Excerpts from a dataset:
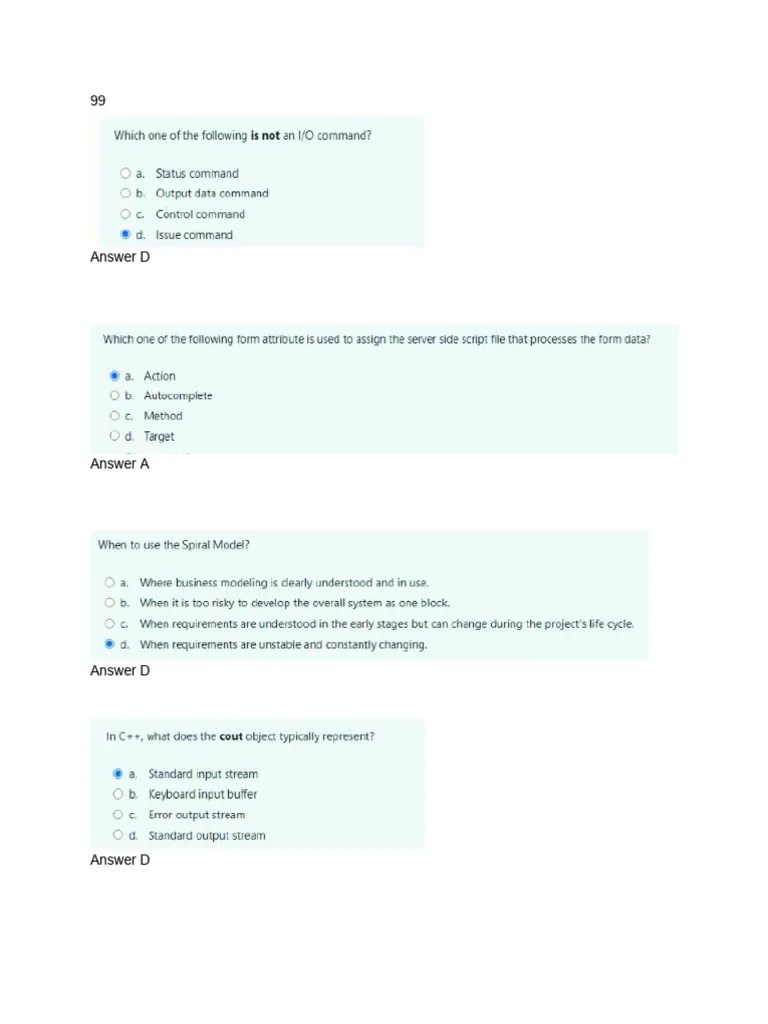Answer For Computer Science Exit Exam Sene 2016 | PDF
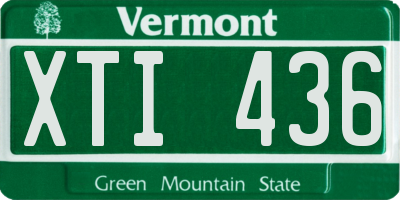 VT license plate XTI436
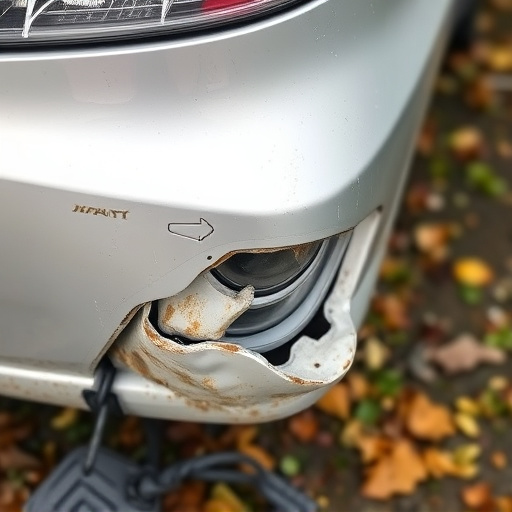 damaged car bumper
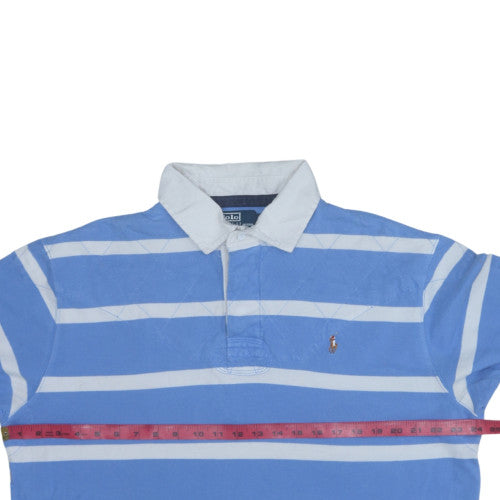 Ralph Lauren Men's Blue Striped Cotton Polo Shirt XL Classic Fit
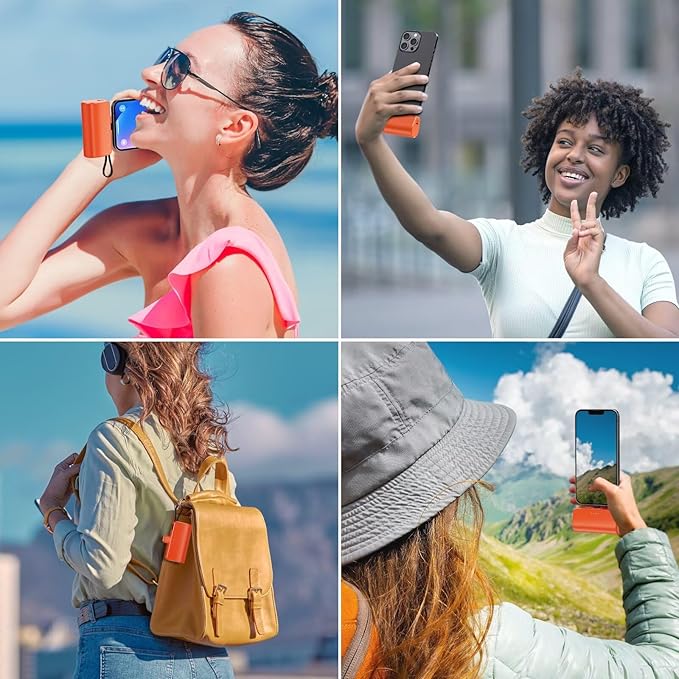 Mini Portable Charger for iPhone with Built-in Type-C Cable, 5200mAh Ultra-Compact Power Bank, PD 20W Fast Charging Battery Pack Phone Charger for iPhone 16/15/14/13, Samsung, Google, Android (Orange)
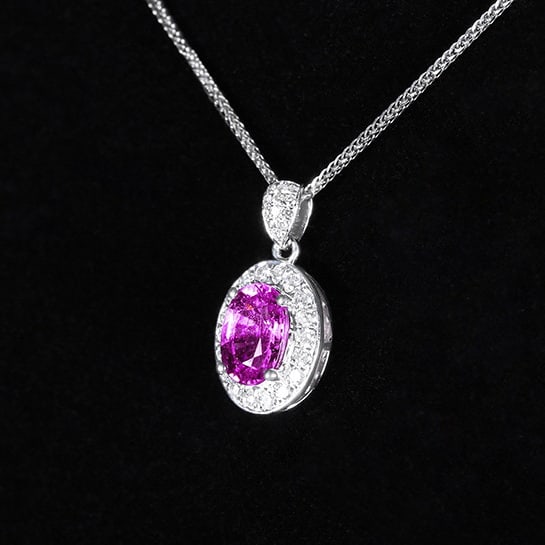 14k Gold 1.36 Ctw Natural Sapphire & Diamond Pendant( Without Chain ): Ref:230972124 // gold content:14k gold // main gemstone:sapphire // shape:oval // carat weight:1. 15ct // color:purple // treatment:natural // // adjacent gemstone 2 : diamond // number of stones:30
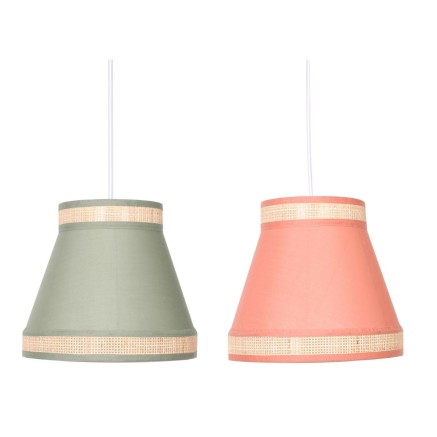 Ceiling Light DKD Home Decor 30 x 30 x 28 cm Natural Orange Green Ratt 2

WHAT THIS TASK INVOLVES: Without any pictures, please write out the lines from the one containing "damaged car bumper" through the final line of the data, exactly and inclusive of both ends.

OUTPUT BELOW:
 damaged car bumper
 Ralph Lauren Men's Blue Striped Cotton Polo Shirt XL Classic Fit
 Mini Portable Charger for iPhone with Built-in Type-C Cable, 5200mAh Ultra-Compact Power Bank, PD 20W Fast Charging Battery Pack Phone Charger for iPhone 16/15/14/13, Samsung, Google, Android (Orange)
 14k Gold 1.36 Ctw Natural Sapphire & Diamond Pendant( Without Chain ): Ref:230972124 // gold content:14k gold // main gemstone:sapphire // shape:oval // carat weight:1. 15ct // color:purple // treatment:natural // // adjacent gemstone 2 : diamond // number of stones:30
 Ceiling Light DKD Home Decor 30 x 30 x 28 cm Natural Orange Green Ratt 2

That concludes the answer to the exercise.